Denn auch das gehört zur Wahrheit dazu: Wenn die Mengenpreise sehr hoch sind oder es gar keinen mengenunabhängigen Jahresgrundpreis gibt, wird die Wasserversorgung über Einnahmen finanziert, die starken Schwankungen unterworfen oder in Folge des Wassersparens dauerhaft rückläufig sind. Unter Druck geraten dann auch die Wasserversorger. Das wiederum könnte zu Lasten der Infrastruktur gehen. So kurios das auch klingen mag, aber wenn die Verbraucher beim Wasser sparen, dann müssen die Wasserpreise unter Umständen steigen.

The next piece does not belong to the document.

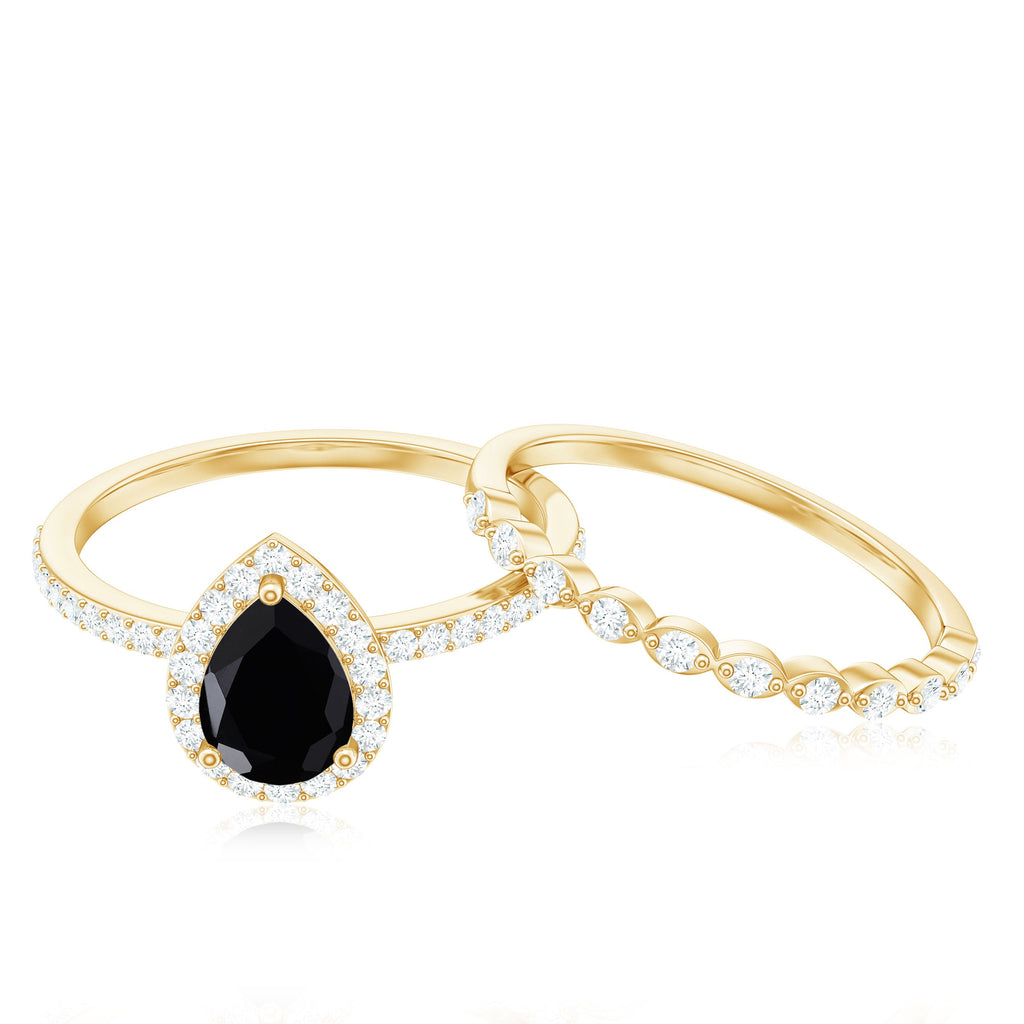 Natural 0.6 Carat Pear Shape Black Spinel Diamond Wedding Engagement Ring Set of 2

Die Preise für Leitungswasser sind niedrig. Dabei muss nicht der ewige Vergleich mit dem Mineralwasser bemüht werden. Das Wassersparen des Geldes wegen, werden viele als ernüchternd feststellen. Da sind zwar noch die zumeist viel höheren Abwassergebühren und die Energiekosten für die Erwärmung des Wassers, aber mit dem Blick in den Warenkorb gibt es sicher wirksamere Sparhebel in deutschen Haushalten. Aber aus Umweltgründen werden die Verbraucher sparsamer mit dem Wasser umgehen. Wir Experten diskutieren bereits über flexible bzw. dynamische Wasserpreise. In der Zukunft könnte es auch Quoten mit preiswerterer Grundversorgung geben. Wer mitten im Sommer seinen Pool füllen möchte, könnte mit saftigen Gebühren konfrontiert werden, wenn die .

Der Preis als Regulativ für den Wasserverbrauch ist ein Weg. Besser wäre allerdings, wenn Kommunen Konzepte entwickeln, die die Bildung von Grundwasser vor Ort fördern und so die Selbstversorgung sichern. Die Konzepte für Schwammstädte liegen längst auf dem Tisch: Begrünung von Gebäuden, Versickerungsflächen, mehr Bäume und auch die Schaffung von Auen gehört dazu. Durchgesetzt wurde so etwas bislang kaum, weil das weniger Parkplätze, weniger Straßen und Restriktionen für die Immobilienbranche bedeutet. Höchste Zeit, dass Kommunalpolitiker nicht mehr länger wegsehen und endlich Rückgrat beim Thema Stadtplanung entwickeln.